For this exercise, output the entries below exactly from the line that holds "1065 Arch St, Washington, PA 15301" to the line that holds "Hà Nội bình yên trong buổi sáng mùng 1 Tết", both ends included. No pictures belong in the copy.

→ **Given records**
•••••

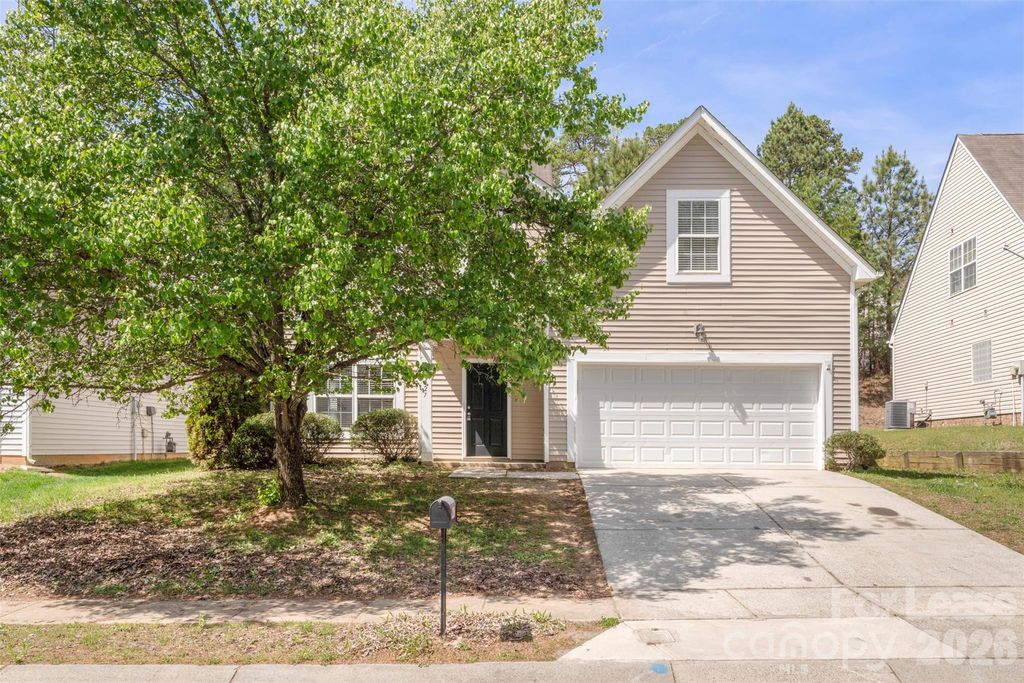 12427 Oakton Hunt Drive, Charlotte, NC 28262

•••••

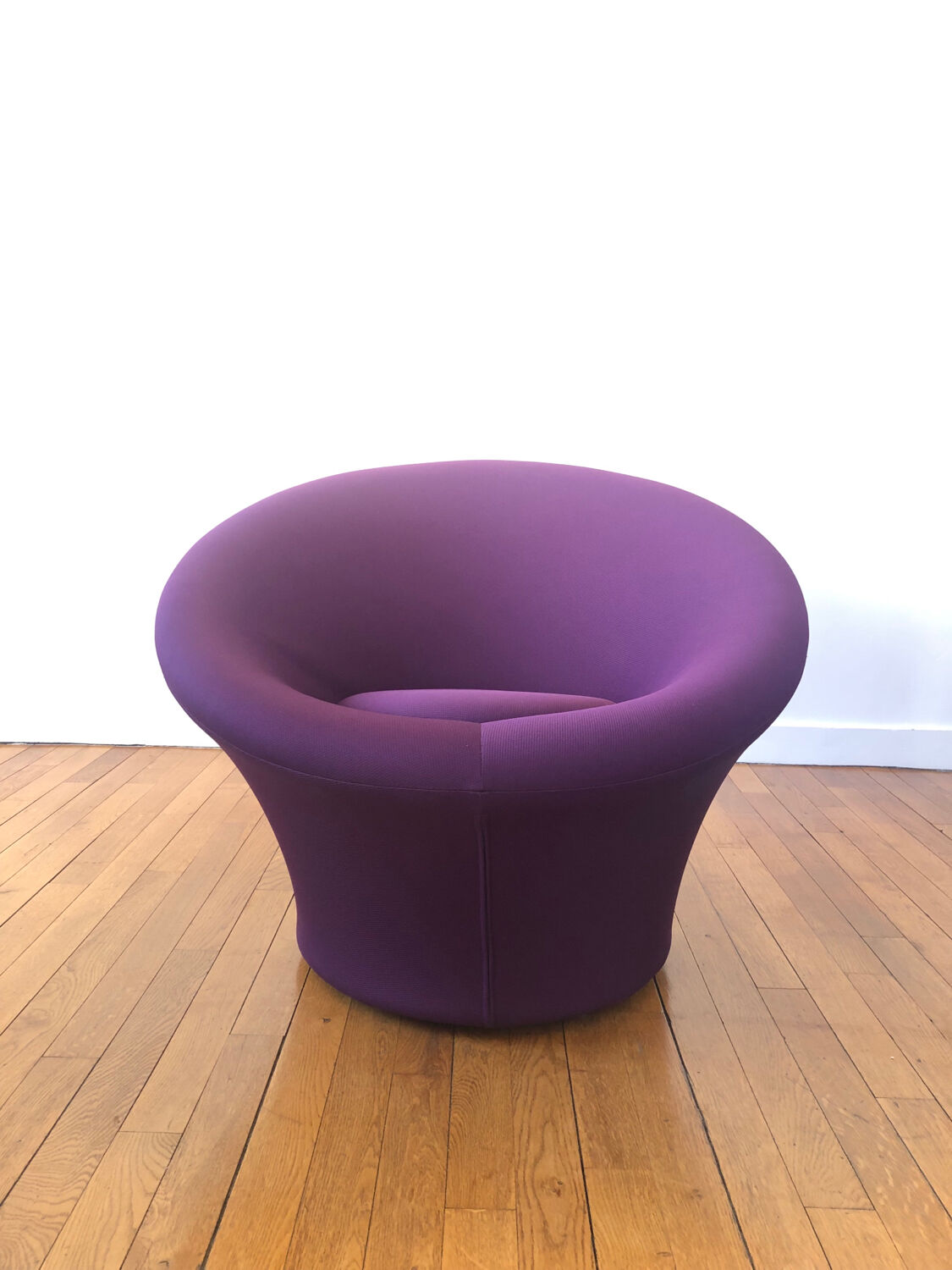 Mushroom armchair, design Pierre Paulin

•••••

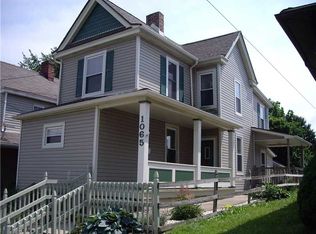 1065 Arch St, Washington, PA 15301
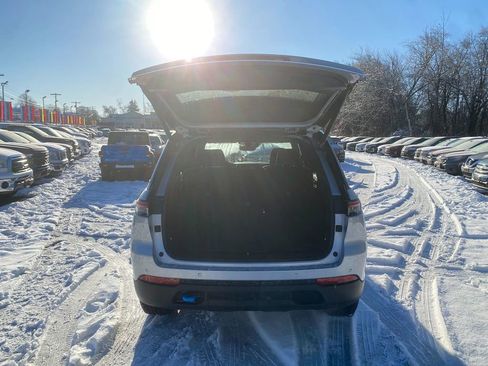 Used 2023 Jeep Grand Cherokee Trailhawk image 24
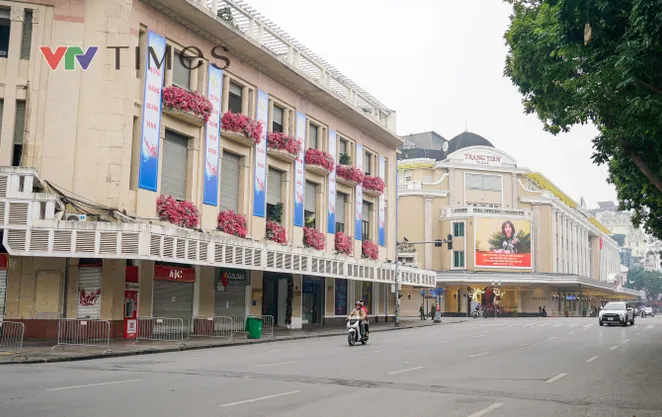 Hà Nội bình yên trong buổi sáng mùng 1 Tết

•••••

→ **Answer to this task**
 1065 Arch St, Washington, PA 15301
 Used 2023 Jeep Grand Cherokee Trailhawk image 24
 Hà Nội bình yên trong buổi sáng mùng 1 Tết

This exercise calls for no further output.